Life is going quite well for Esme Garland, who has relocated from England to attend Columbia University on a scholarship. She is nestled into the perfect tiny apartment, delights in the energy and charm of New York City, and is in a relationship with Mitchell van Leuven. Mitchell is handsome, suave and brilliant; best of all, he doesn’t seem to notice that Esme is not at all in his league.
With her life on the best track imaginable, it’s surprising that she awakens one morning with the uneasy feeling that she might be in some kind of a mess. She can’t quite put her finger on the source of that discomfort, but it is definitely present all the same. She will be meeting Mitchell later on, but now she whiles away some time in one of her favorite discoveries in her adopted city. It’s a tiny, rundown, jam-packed bookstore called The Owl, named after a stuffed owl that perches on a tree branch, seeming to watch over the comings and goings of customers. Esme has spent enough time in this haven to know the name of the owner --- tall, bent George, who wears homespun and eats organic.
"You know the kinds of books you cannot wait to return to? The ones that transform Real Life into just a rude interruption in your lovely reading time? Well, this is one of those books. Reading it is absolute pure delight."

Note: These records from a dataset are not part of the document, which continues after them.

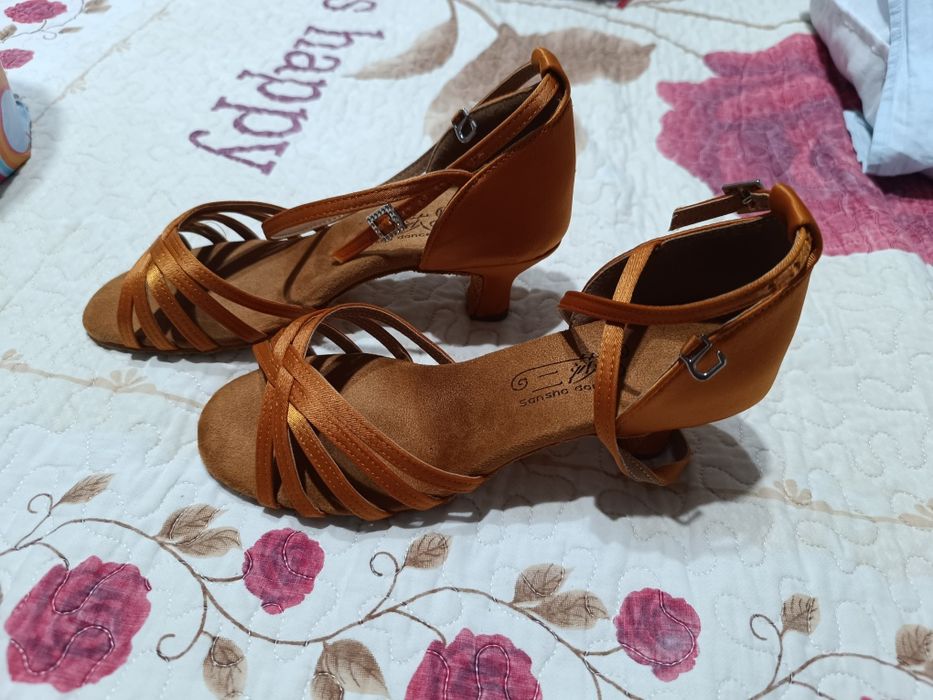 Туфли для танцев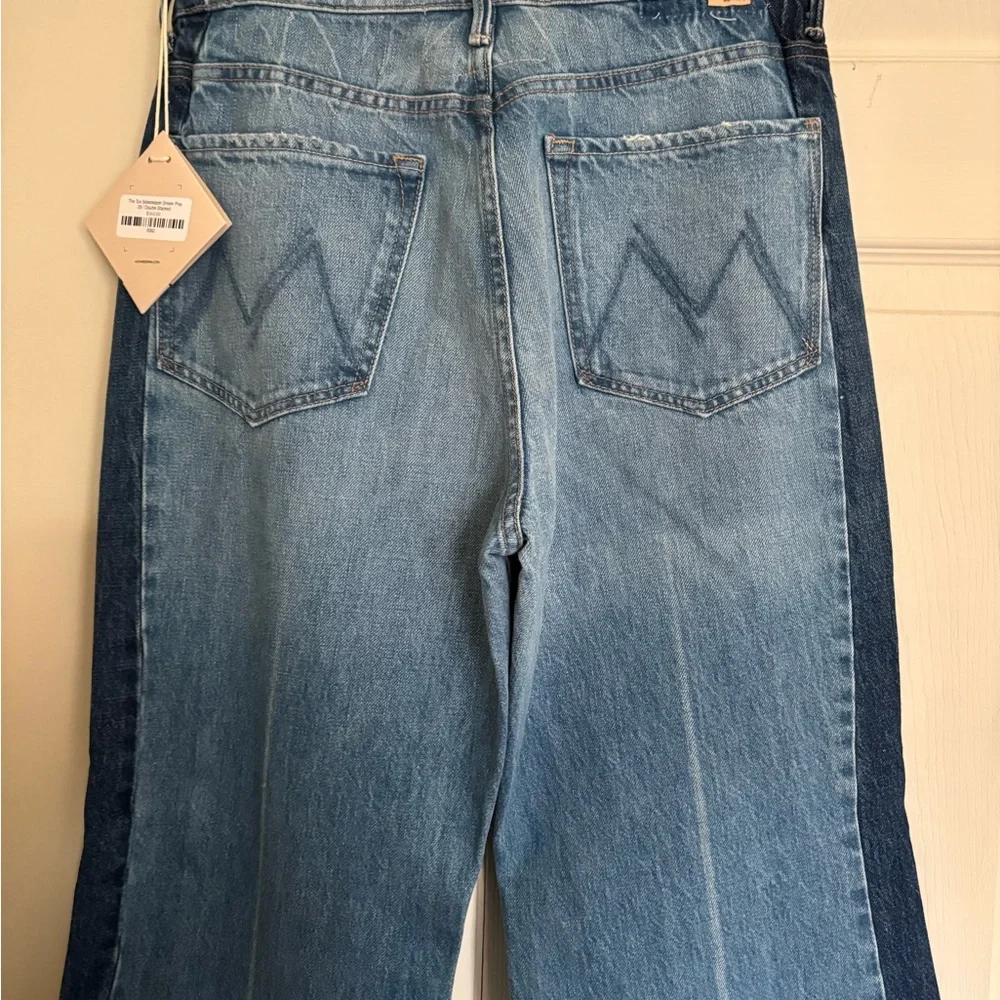 Mother Denim The Tux Sidestepper Sneak Fray
28 / Double Stacked - Picture 9 of 15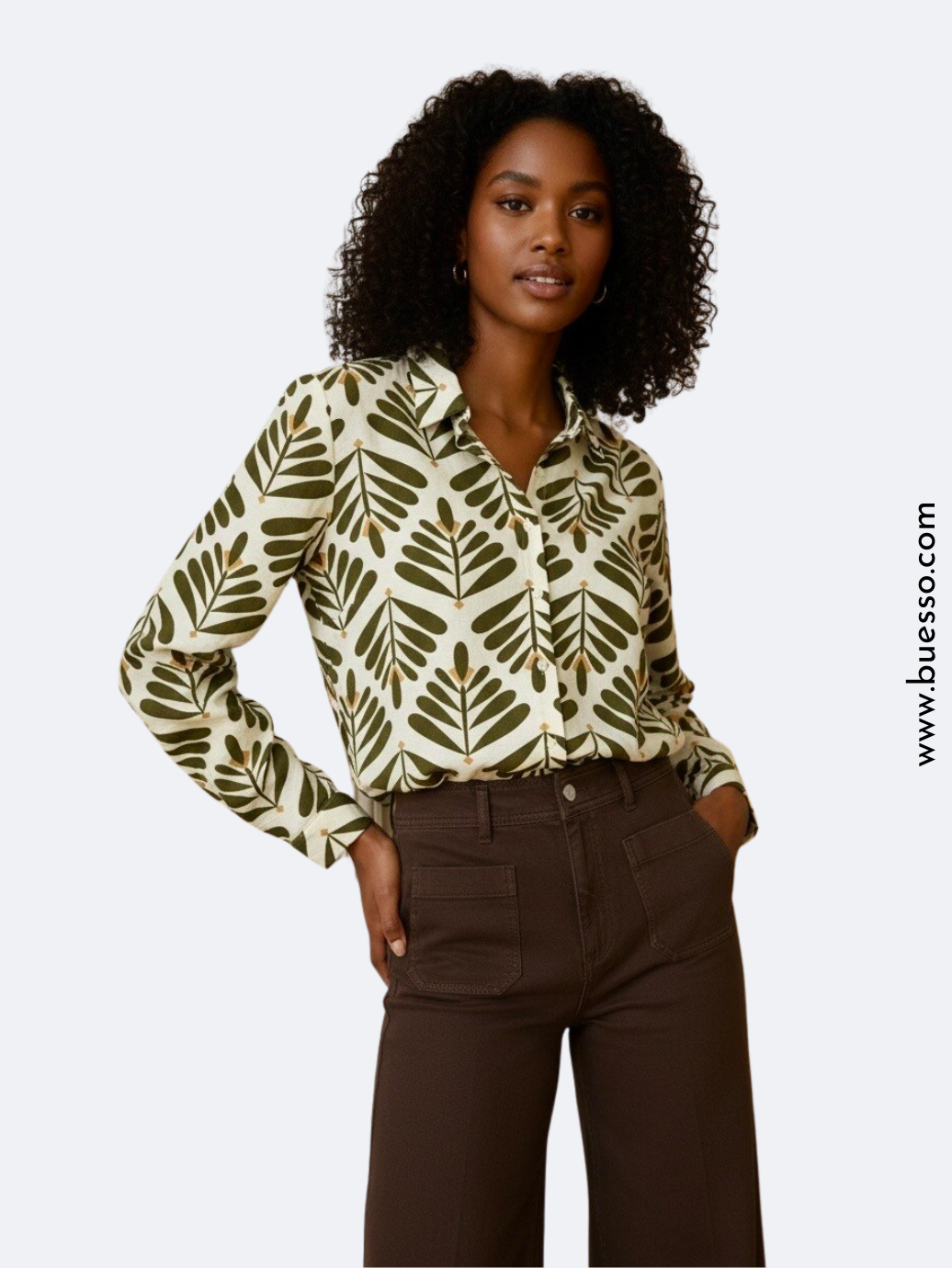 Chemise femme KAKI imprimée chic | Pour sublimer votre teint au naturel
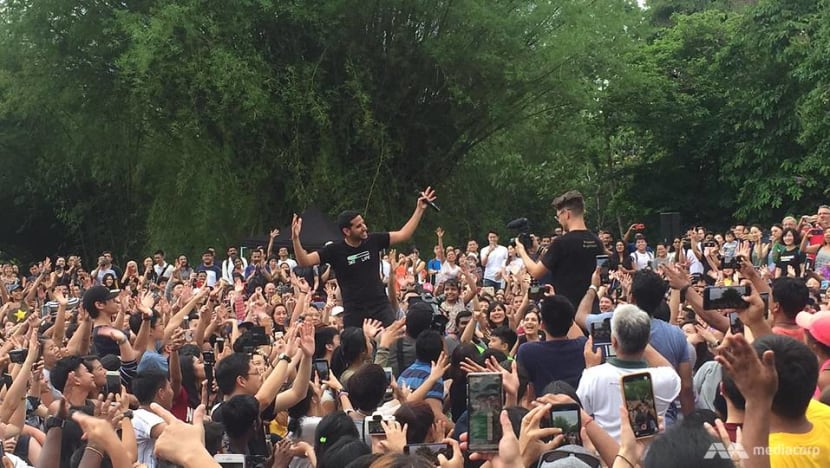 2,000 fans turn up for Nas Daily’s meet-and-greet at Botanic Gardens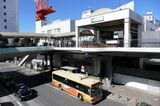 1階に小田急、2階にJRの駅名看板（記者撮影）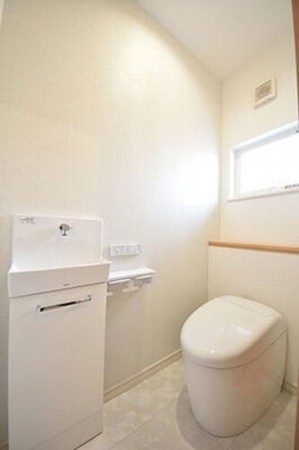 福山市御船町、土地のトイレ画像です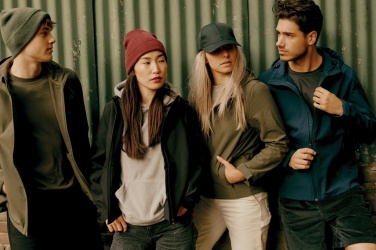 Logotrade liikelahja mainoslahja kuva: Iqoniq Makalu naisten softshell takki R-polyesteristä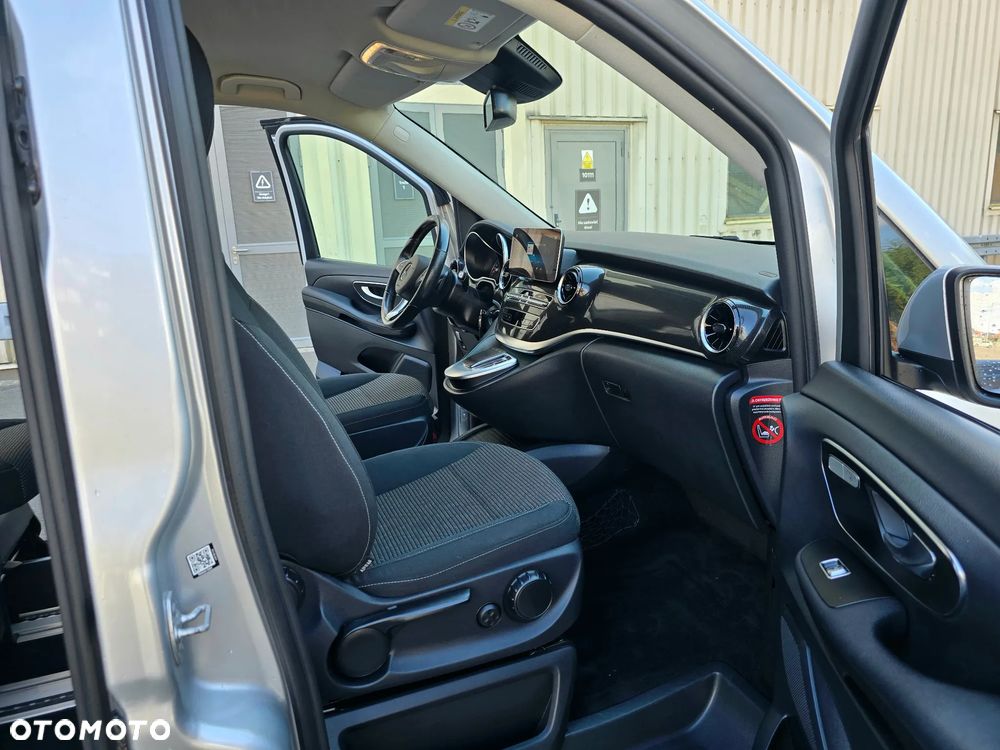 Mercedes-Benz Klasa V 220 d 9G-Tronic - 11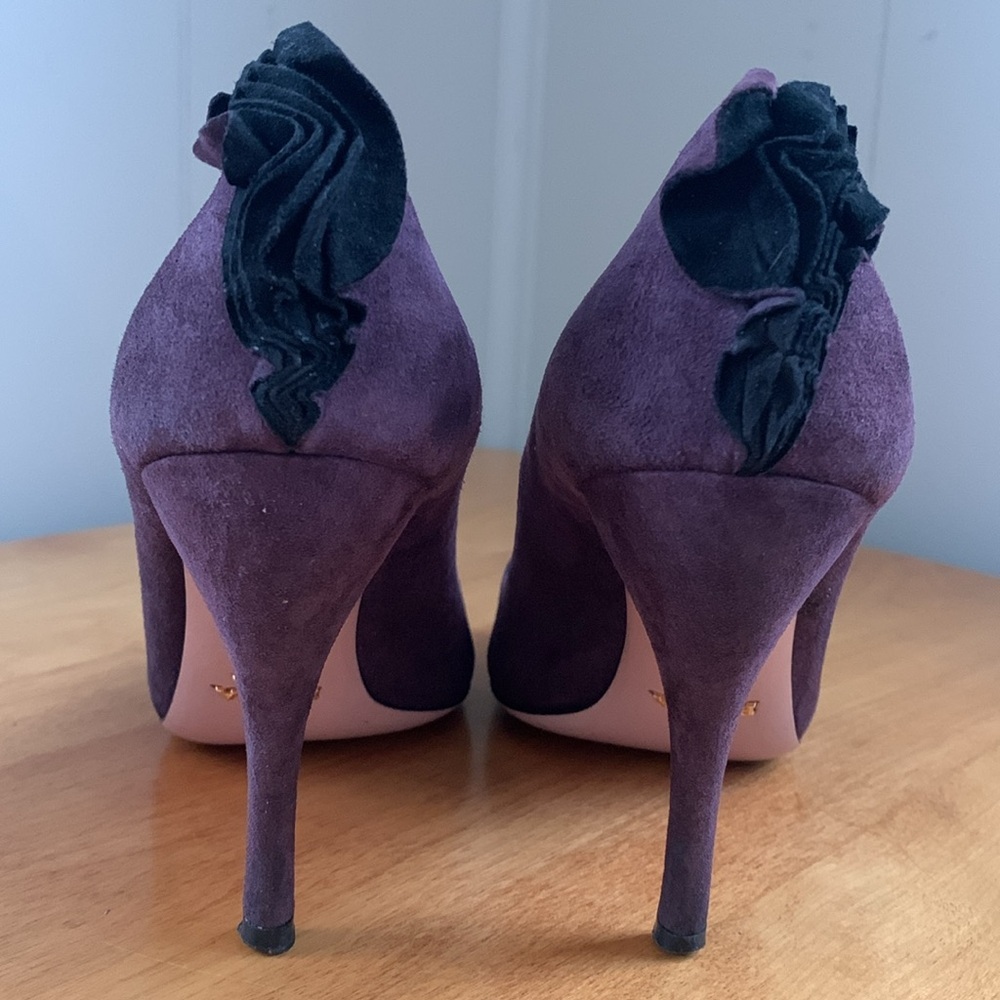 Prada purple suede heels US size 6.5 EUR 36.5 GUC peep toe black ruffles - Picture 5 of 15
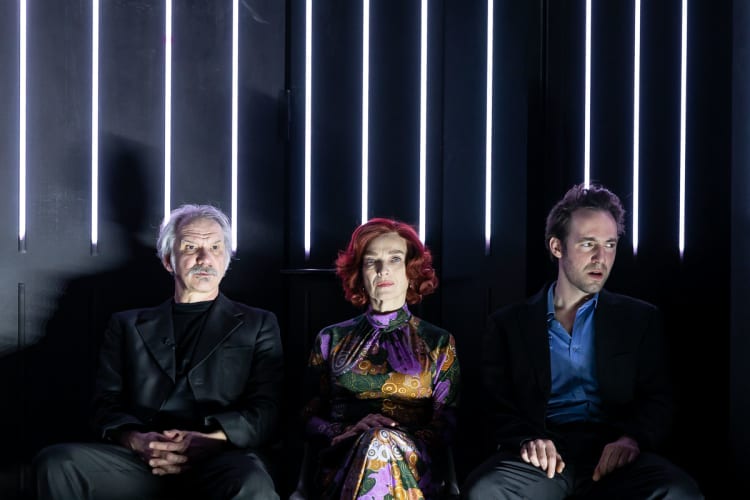 László Zsolt, Kováts Adél és Porogi Ádám A vége című darabban (forrás: eSzínház)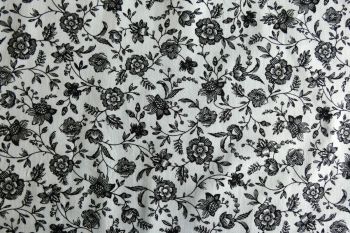 Deadstock 100% Cotton Poplin Digital Trailing Floral Print - Ivory/Black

This day, Esme enjoys chatting with George and his employee, Luke. Yet she doesn’t feel she can linger; that itchy, nervous sensation that something is not quite right makes her too restless to browse. She heads off through Central Park, meandering through an art gallery before meeting Mitchell at a diner. After she inhales her matzoh-ball soup, she is still starving. Mitchell refuses to share, saying it’s not good hygiene, so she orders another bowl. Glowing with happiness after he insinuates that he’s crazily in love with her, Esme babbles on about how hungry she has been lately. Mid-sentence, an earth-shattering thought occurs to her: “I am pregnant.” She can’t tell Mitchell; they haven’t been dating long. Besides, she tells herself, she is surely just frightening herself for no reason, as she has had none of the usual signs of pregnancy.